The role of the NCG was to review and evaluate all relevant aspects of nuclear and radiological safety arising from the M-S recovery operations for all stages of the recovery.

The first task was to ascertain what parts of a nuclear safety case were already in place and evaluate them. It quickly became apparent that there was no structured case in existence on which to build.

The RF approach to safety was essentially deterministic. Any probabilistic treatment was limited to confirming that sequences outside the design basis (which was itself not comprehensively defined) were sufficiently unlikely (e.g. with an annual probability of less than 10 -7). There seems to have been no overall integration of the diverse range of technologies covering nuclear propulsion, weapons systems, life support systems and operational systems, to cover the full spectrum of potential interactions between them. Instead, the strategy seemed to consider deliberately each area in isolation with a definition for each area of a worst-case accident that the other areas must withstand.

The engineering of the Kursk was similarly compartmentalized. This was possibly to minimize the need for detailed interface coverage between the various design bureaus. The flaw in this approach was that there could never have been a full recognition of the wide range of potential challenges, failure modes and consequences (including interactions) arising from internal plant failures and external hazards.

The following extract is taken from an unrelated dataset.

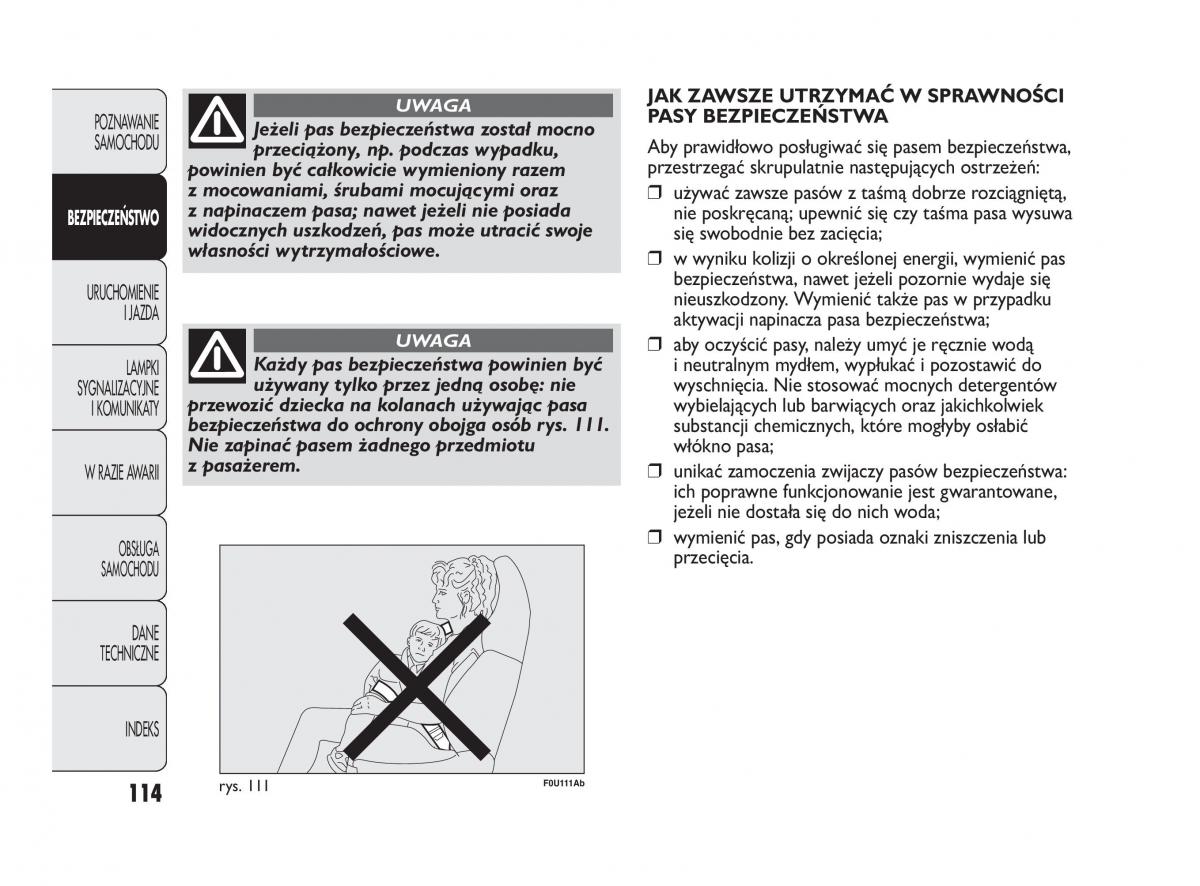 manual  Abarth Punto instrukcja / page 115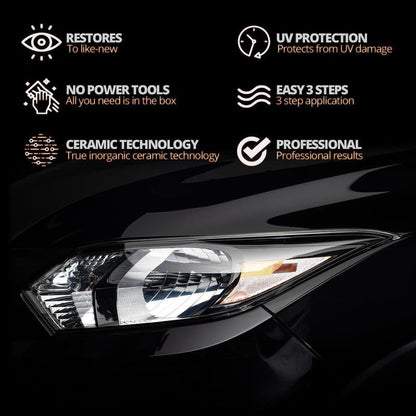 🔥Buy 2 Get 1 Free🔥 Car Headlight Cleaning & Restoration Agent – Scratch Remover, UV Protection & Anti-Yellowing 🚗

The NCG’s overall strategy was framed to suit the RF approach by:

• Establishing the datum condition of the Kursk taking into account the effects of the explosions and the degradation over a year of submersion.

• Examining the stability and residual strength of the datum condition, including the degree of defense in depth that might remain available for the essential reactor safety functions.

• Framing limits and conditions for the M-S operations to ensure that the residual strength and stability criteria could not be exceeded, nor the defense in depth totally undermined, together with allowance for unwanted interactions.

• Ensuring that there was an adequate radiological safety management regime in place to protect the M-S employees and contractors.

In light of this, the NCG set out to work with teams of RF specialists to check how each system had been and could be affected by events and thus establish the limits and conditions that had to be maintained during the M-S recovery operations. The actual and potential interactions of the many systems involved warranted a strong probabilistic evaluation but this was not favored nor, indeed, practiced by the RF for its own assessment. Instead, the approach of RF analysts and engineers was, predominantly, underpinned by reliance upon passive safeguards (e.g. containment, dormancy, etc.) for which probabilistic treatment is anyway not usually necessary. However, this reliance required, first, an accurate and reliable assessment of each ‘safeguard’, particularly the extent to which it may have sustained damage as a result of the original explosions and, then, an account of the degradation that it may have suffered over the year or more that it was submerged in the Barents Sea. Of particular concern to the NCG was the possibility of the M-S operations triggering a further explosion (of a torpedo or missile), and the potential consequences to the reactor plant and safeguards.

On one hand, all that the RF could offer was its assertion and confidence that the M-S salvage of the Kursk could be undertaken within the RF’s sometimes rather qualitatively defined limits of each of the ‘safeguards’ but, on the other hand, its engineers and technicians were enthusiastically responsive to any demands placed upon them by the NCG, often responding in detail once trust had been established, and explaining their sometimes brilliantly simple solutions to problems, as they were identified.

In the light of this, the NCG had to conclude that it was not in a position to provide a traditional assessment or review but, instead, had to weigh these RF statements to assess whether, when put together, they provided a sufficiently coherent and persuasive safety demonstration. In doing this, the NCG had to rely largely on its own judgment and experience.